# Exercise inputs
····················
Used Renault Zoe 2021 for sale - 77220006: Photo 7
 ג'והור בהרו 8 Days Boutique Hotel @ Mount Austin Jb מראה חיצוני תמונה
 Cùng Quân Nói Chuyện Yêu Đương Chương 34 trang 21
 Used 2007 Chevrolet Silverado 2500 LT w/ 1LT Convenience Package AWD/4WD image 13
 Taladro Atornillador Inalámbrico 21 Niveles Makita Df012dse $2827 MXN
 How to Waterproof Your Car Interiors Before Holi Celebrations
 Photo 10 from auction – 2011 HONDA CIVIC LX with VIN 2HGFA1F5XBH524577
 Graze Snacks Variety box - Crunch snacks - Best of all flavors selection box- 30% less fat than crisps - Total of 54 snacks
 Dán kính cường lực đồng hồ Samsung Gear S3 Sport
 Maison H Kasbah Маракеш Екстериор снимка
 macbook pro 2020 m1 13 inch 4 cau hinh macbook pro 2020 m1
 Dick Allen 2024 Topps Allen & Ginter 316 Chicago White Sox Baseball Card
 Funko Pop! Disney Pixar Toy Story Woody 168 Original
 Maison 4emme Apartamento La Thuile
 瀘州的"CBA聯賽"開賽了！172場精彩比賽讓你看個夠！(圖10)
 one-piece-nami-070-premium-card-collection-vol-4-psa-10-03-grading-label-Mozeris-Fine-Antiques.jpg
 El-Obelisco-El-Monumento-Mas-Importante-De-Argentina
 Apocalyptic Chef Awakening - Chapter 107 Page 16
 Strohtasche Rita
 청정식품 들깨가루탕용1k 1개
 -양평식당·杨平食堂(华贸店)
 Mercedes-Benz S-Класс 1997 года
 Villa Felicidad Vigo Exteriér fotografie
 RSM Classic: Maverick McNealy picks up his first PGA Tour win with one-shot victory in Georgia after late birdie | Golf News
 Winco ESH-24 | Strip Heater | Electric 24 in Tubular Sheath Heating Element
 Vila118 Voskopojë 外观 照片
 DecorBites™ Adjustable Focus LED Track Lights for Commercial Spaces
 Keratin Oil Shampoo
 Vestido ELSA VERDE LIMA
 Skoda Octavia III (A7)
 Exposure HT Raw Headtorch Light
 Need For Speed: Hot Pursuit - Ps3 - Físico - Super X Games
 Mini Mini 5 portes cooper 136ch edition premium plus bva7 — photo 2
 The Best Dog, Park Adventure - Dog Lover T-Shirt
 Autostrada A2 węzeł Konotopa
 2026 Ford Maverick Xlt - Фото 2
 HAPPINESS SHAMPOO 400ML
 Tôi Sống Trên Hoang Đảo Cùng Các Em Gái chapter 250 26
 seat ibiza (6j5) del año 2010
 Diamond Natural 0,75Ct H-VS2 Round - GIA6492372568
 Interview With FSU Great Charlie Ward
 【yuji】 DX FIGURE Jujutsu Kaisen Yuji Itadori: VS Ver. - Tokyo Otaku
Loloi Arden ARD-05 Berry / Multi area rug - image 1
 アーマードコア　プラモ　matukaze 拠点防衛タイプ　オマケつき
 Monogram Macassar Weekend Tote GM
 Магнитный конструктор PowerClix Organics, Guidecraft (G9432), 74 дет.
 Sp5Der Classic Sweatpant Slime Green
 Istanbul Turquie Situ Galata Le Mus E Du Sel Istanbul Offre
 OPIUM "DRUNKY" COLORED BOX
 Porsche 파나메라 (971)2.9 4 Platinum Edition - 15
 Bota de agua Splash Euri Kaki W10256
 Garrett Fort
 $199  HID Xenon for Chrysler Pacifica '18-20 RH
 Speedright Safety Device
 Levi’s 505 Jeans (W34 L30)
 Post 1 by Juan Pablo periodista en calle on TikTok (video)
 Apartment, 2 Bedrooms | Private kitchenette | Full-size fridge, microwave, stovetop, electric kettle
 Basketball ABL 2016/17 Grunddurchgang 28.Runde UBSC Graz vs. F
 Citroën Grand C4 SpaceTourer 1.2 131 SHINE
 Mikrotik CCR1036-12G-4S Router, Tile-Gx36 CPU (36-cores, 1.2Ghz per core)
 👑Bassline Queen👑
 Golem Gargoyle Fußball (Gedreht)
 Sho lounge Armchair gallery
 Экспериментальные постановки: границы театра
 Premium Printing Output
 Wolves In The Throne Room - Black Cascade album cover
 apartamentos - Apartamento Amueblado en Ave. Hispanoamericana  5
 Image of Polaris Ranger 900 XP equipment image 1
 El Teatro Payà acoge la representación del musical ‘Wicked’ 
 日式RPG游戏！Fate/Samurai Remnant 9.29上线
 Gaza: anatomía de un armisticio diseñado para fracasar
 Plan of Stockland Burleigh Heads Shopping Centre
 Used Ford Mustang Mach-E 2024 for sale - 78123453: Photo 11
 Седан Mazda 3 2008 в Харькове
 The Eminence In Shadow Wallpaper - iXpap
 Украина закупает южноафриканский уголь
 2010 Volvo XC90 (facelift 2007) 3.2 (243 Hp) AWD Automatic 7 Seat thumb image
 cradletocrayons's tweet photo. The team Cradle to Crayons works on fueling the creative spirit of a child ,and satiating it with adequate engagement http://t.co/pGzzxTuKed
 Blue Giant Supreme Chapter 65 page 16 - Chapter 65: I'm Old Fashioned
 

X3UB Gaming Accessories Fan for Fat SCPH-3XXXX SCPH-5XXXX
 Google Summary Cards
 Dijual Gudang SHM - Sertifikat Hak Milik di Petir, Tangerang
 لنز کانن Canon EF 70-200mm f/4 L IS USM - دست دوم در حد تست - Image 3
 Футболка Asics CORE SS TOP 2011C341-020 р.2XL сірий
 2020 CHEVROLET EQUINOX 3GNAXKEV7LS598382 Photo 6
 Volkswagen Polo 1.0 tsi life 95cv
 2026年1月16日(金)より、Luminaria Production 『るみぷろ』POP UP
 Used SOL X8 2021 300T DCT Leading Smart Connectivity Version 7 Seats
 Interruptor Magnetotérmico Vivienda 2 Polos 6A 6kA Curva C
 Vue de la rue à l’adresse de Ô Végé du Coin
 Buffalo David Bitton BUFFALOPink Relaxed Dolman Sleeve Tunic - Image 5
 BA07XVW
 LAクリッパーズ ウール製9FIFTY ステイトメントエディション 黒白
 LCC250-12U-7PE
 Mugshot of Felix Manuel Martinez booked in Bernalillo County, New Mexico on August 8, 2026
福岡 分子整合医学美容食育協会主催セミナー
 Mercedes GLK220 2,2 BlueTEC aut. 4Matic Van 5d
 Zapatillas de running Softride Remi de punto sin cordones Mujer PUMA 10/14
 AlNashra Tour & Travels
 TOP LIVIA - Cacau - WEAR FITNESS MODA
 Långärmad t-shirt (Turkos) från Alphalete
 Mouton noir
····················
# Required work
Every line from the line containing "Garrett Fort" through the line containing "Post 1 by Juan" in the records above must be retyped exactly. Leave out the rest.

# Response
 Garrett Fort
 $199  HID Xenon for Chrysler Pacifica '18-20 RH
 Speedright Safety Device
 Levi’s 505 Jeans (W34 L30)
 Post 1 by Juan Pablo periodista en calle on TikTok (video)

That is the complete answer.